Nas Goes To The Streets, Shoots Guerilla-Style Video

King of New York hip-hop all over the five boroughs in clip for 'Made You Look.'

For his new single and video, "Made You Look," Nas has once again taken it to the streets.

"We went out to the five boroughs," he said Tuesday night of the video shoot with director Benny Boom, who captured the rapper performing all around New York. "We couldn't get permits, so we went guerilla-style. That's the way it's supposed to be. I see videos and like my man Tracy Morgan said, 'Every video I see, there's a girl, a model, dancing.' What the f--- is that? When you see me, you see the truth." (Click here for photos from the video shoot)

"We took it back to '88," said Boom, who's also directed such videos as Nelly and Kelly Rowland's "Dilemma" (see "Kelly Rowland Moves Into 'Leave It To Beaver' House"). "We wanted to take it back the old Rakim days when you did a video and made it performance and made it hot and showed love to the streets. ... [We] brought Nas to all the neighborhoods and everybody showed love to him. I wanted to give it that whole king of New York aspect of Nas. On the streets he's the king of New York of this rap thing."

"In Queensbridge we showed sections of the bridge," he added. "We had his Bravehearts out there. In the Bronx we had Fat Joe and all his people came and showed love. They came 25 deep in front of the Big Pun mural.
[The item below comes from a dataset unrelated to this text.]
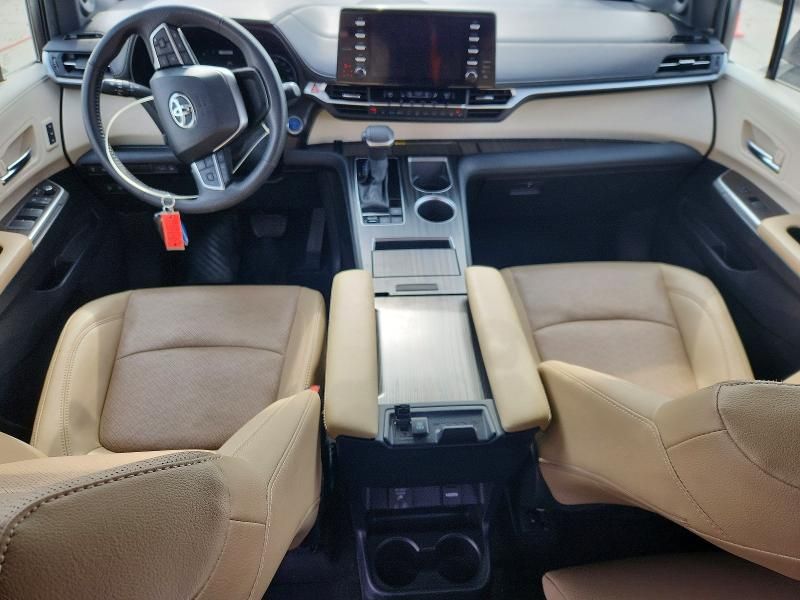 2024 Toyota Sienna Limited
We went to Harlem at Rucker Park and we had the ballplayers out there. We went to BK on Fulton and St. James, Fulton and Putnam, to Big's old stomping grounds, and everybody out there gave us crazy love."

Jadakiss, DJ Kay Slay, Killah Priest, Brand Nubian's Lord Jamar also showed their adoration for Nas by making cameos in the video.
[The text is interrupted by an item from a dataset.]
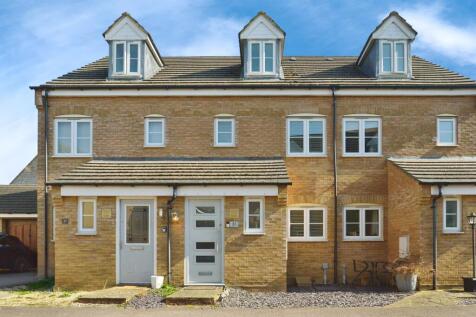3 bedroom terraced house for sale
"No R&B, straight hip-hop," Nas said on the mic, standing on a small stage in the basement of a Manhattan restaurant, before cameras started rolling. For the video's last scenes to go in the can, a fake club had been set up and Nas and the Bravehearts were the center of attention during a live performance.

"We just wanted to make sure people heard him," Boom said of his choice to shun the usual video process of lip-syncing. "If we wanted the feel of a live show, I was gonna give them a live show. Throw that mic on. Let him rip."

"The record is crazy," Boom later gushed. "I'm a old-school n---a. So for me, that's that 'Straight Outta Compton' [feel]. The sample and that loop is straight from the late '80s, early '90s of when they was introducing hip-hop."

The current state of hip-hop and a certain rhyme foe were at the forefront of Nas' thoughts during a lull in the action. "It's the fourth quarter and everybody has an R&B record, and they say they're hip-hop," he protested. "They just lying, sellin' out hip-hop music with R&B records. You're on your eighth album? Where's your balls at, man? Make a rap record. What, is you scared? Make some rap music. Hip-hop is not about radio, it's not about the TV. These n---as is too [MC] Hammer. This sh-- is real music from real life."

Nas' next dose of reality, God's Son, has been pushed back to December 17. Many of the tracks were recorded from late September to mid-October in Miami while Ja Rule (who co-stars with Nas in the video for "The Pledge" remix) was also down at the studio working on The Last Temptation.

According to Nas' spokesperson, God's Son is still being recorded with "Made You Look" soundscape provider Salaam Remi, Large Professor and the Alchemist contributing most of the beats. No lyrical guests have made it on the LP as of yet.